I'm deficient in some understanding about eigenvectors/values and diagonalisation and singular values. I came to a result with the following matrix
$$ A = \begin{bmatrix} 2 & 4 \\ -4 & 2 \\ \end{bmatrix} $$

To find the singlur values I find the roots of the characteristic equation.
$det(\lambda I-A^TA)=0$
This comes to
$$ \begin{vmatrix} \lambda -20 & 0 \\ 0 & \lambda - 20 \\ \end{vmatrix} = 0 $$

Which actually gives $\lambda_{1} = 20$ and $\lambda_{2}=20$.

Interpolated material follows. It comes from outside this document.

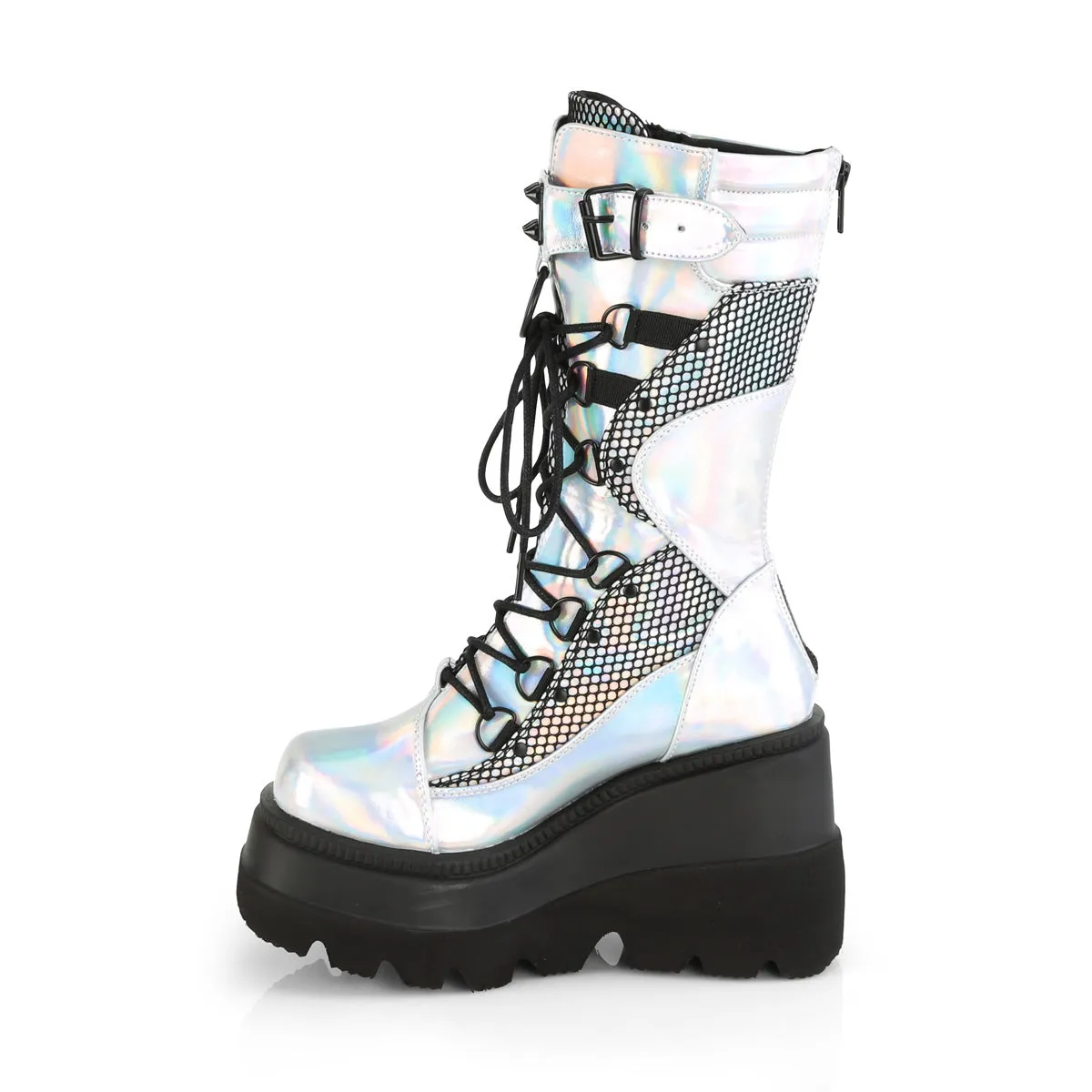 SHAKER-70  Silver Hologram Vegan Leather-Black Fishnet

Now this is where my knowledge is lacking. I don't know why they are called "singular" values. So to me if $\delta_{1} = \sqrt {20}$ and $\delta_2 = \sqrt {20}$. My question is, can this be true? Does singular value mean that each eigenvalue has to be distinct and each singular value has to be distinct? Can we have two singular values the same? Or is "singular" referring to something else?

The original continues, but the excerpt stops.